In the previous blogs and whitepaper, we discussed the reasons that an eventual move to cloud is inevitable and also helped explain some of the terms used in cloud. In this blog we’ll explain more about how you setup for success in migration, what you need to prepare and some of the decisions you’ll need to take.
The first and most important point is to take action and create a roadmap. The migration roadmap has several key components.
The most crucial and strategic pre-migration activity. There are multiple conversations that need to be facilitated including data stewards, data scientists and IT leadership. Create a cross-functional decision-making committee. The key phrase is decision making, the committee must be empowered to make and take action on decisions.
Supplement the team with functional and technical specialists to jump start the process and ensure gaps and vulnerabilities are addressed up front.
The cloud committee must be able to define success. What does success look for the first deliverables? For example, it might be proving that you can have a cloud footprint by taking some existing workloads online, it might be showing that data science can do things they’ve never been able to. Defining success helps with the next step, technical approach.

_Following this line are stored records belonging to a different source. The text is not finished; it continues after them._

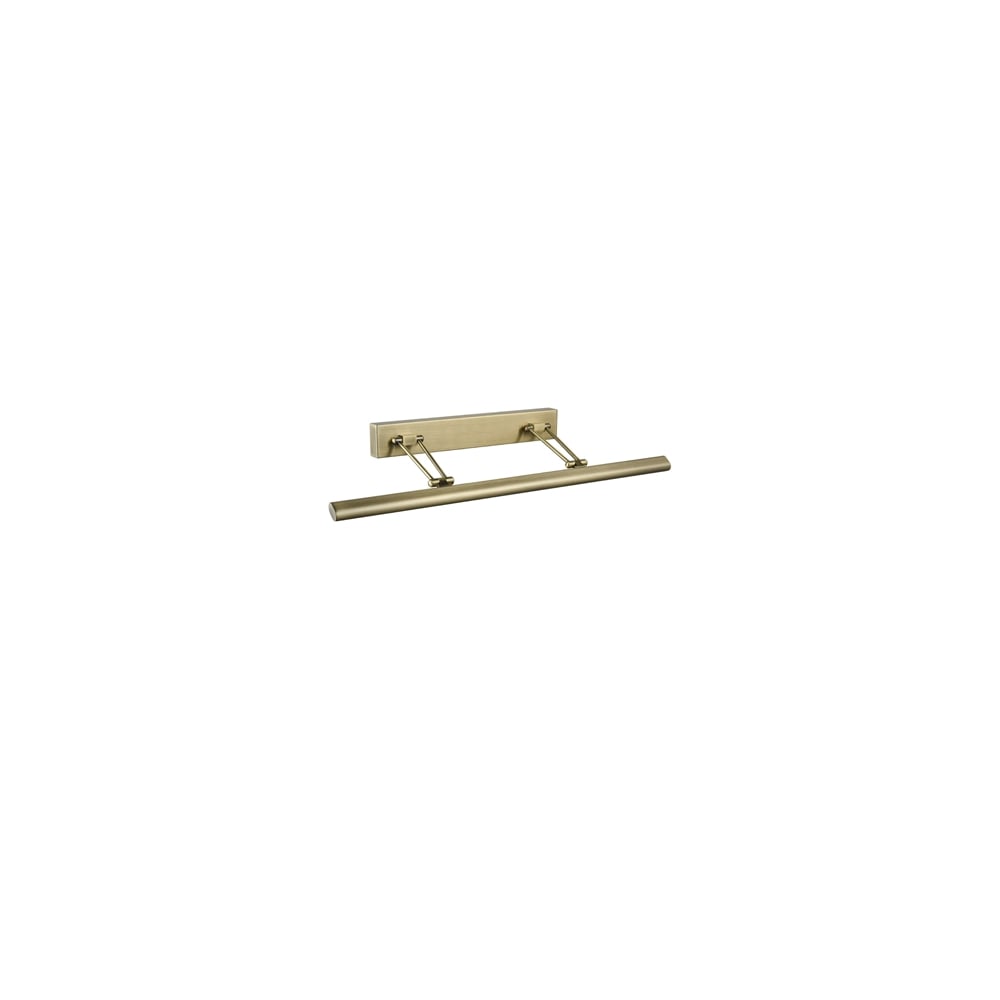 Franklite WB095 3 Light Wall Bracket Bronze (S)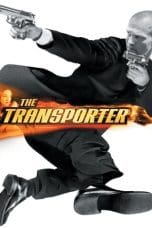 Notnon The Transporter (2002) Subtitle Indonesia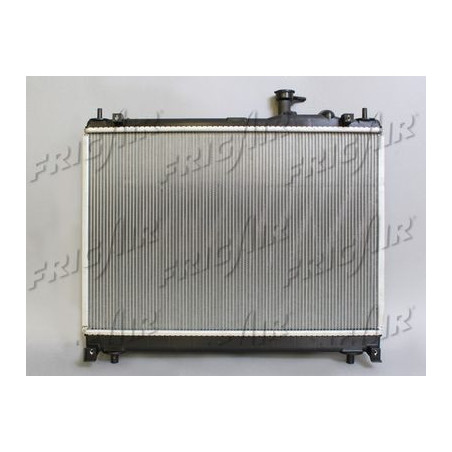 FRIGAIR-01143051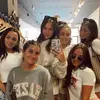 mic'd up - @buffbobs - TikTok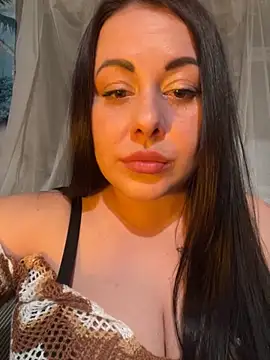 Chatroom XXX en direct de DaisyStreet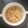 Cooksnap của Nucu khi họ làm theo món Canh Cà Chua Trứng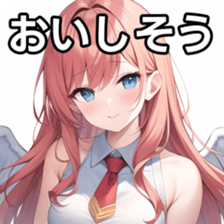 674703093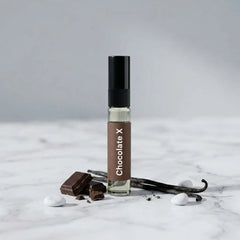 chocolate perfume price in pakistan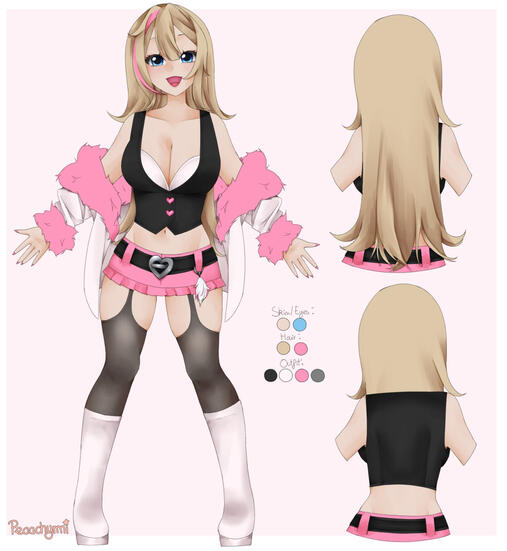 For @onemagnus.bsky.social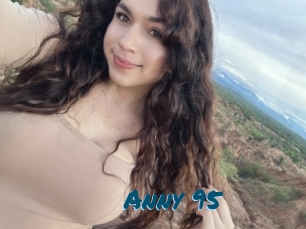 anny_95 Amateur Voisine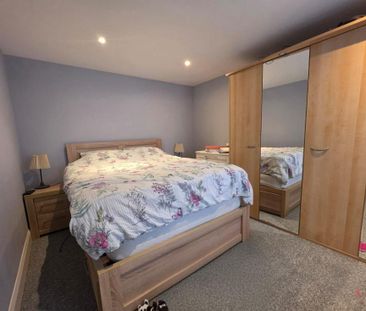 2 bedroom bungalow to rent - Photo 5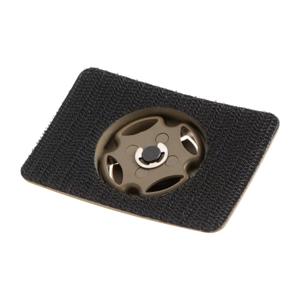 Lamp adapter Streamlight Sidewinder Hook & Loop Mount image-1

Are you planning to rework existing workloads or use cloud compute processing to run existing loads more effectively:
• The Lift-and-shift method takes existing on-premises workloads and migrates them to the cloud “as-is,” with minimal or no changes to the application architecture or other mechanisms.

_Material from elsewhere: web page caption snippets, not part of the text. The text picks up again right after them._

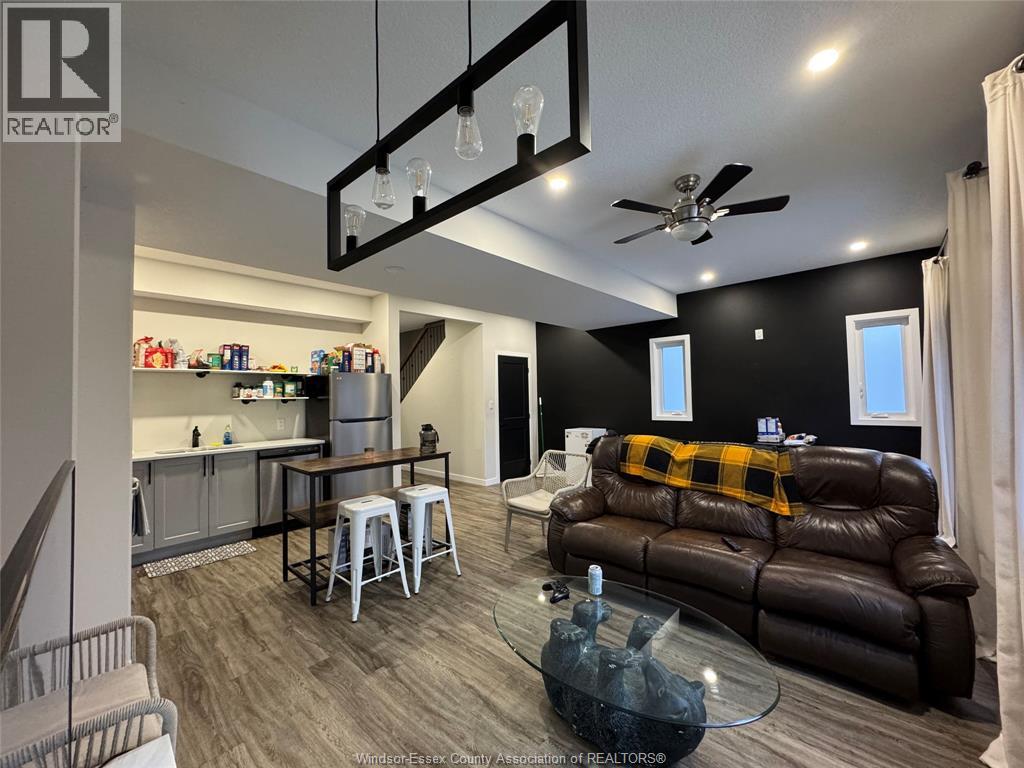 105 King Street East, Chatham, Ontario N7M 6H5 - Photo 10 - 25031477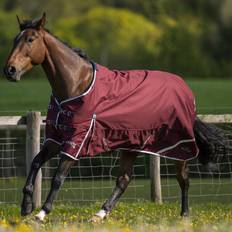 6'0 Horse Rugs (6'0" Gallop TROJAN Xtra Turnout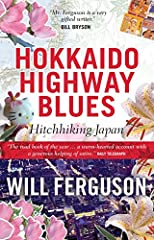 Hokkaido highway blues for sale  Delivered anywhere in Ireland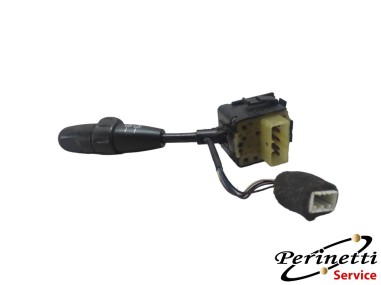 DEVIO TERGI   CHEVROLET  AVEO  96810070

• The Re-platform method calls for redesigning on-premises workloads to a cloud-optimsed architecture to fully leverage the native capabilities of the cloud environment.
The decisions here will help with IaaS vs PaaS discussions. Spoiler – use IaaS for lift and shift and PaaS for re-platform.
A readiness assessment process will reveal applications and datasets that need to be rehosted, re-structured, or even retired. Remember reduce, re-use and recycle from the previous blog?
The output of the assessment should be a plan for time bound migration, what to migrate, what to leave alone, the data prep, the bill of quantities and more than likely a revised set of priorities and scope.
At some point during the technical approach and readiness you are likely to identify a skills gap. Even if you don’t think you’ve got a skill gap its worth doing a skills assessment to check you have key skills covered, for example cloud certified architects, security and privacy experts and data integration specialists.
A critical area not to overlook is the skills assessment of end users. In the context of marketing data specifically, end-user training becomes crucial to enable marketers and business analysts to access data from cloud environments easily and independently.
Make sure that all relevant datasets are available during the migration. Projects that see delays in data availability or run into hurdles to secure access can lead to slippage in migration project plans.
You’ve now done the prep work, you’ve got the team, the data, the infrastructure patterns so it’s time to migrate the first workloads.
Start with a small proof-of-concept / even smaller pilot runs on limited business functionality or test data sets in a beta environment. Not only will this help validate future state architecture, but it will help simulate the impact of the migration at scale and gather information on dependencies that may impact outcomes.
Now that you’ve got the first cloud workloads running then use the same principles for the next use case. Some point that helps drive this are:
Build a cloud centre of excellence (CoE) consisting of professionals experienced in cloud migration. This is an investment that can encourage people to skill-up and earn cloud certifications and accreditations. Your CoE should ideally be led by a key senior leader to champion cloud.
Based on the success of your first cloud migration, cloud more strategically and holistically for adoption in wider business functions, such as enterprise IT.
Re-examine current processes and policies to assess what needs to change to streamline cloud projects. For example, agile development methodology with continuous integration/continuous deployment models can be the most productive and efficient. However, executing such a methodology requires significant changes to legacy policies and procedures.
In summary, moving to the cloud for marketing is inevitable and by following the steps above it helps move existing workloads to the cloud and set up the required components for further success.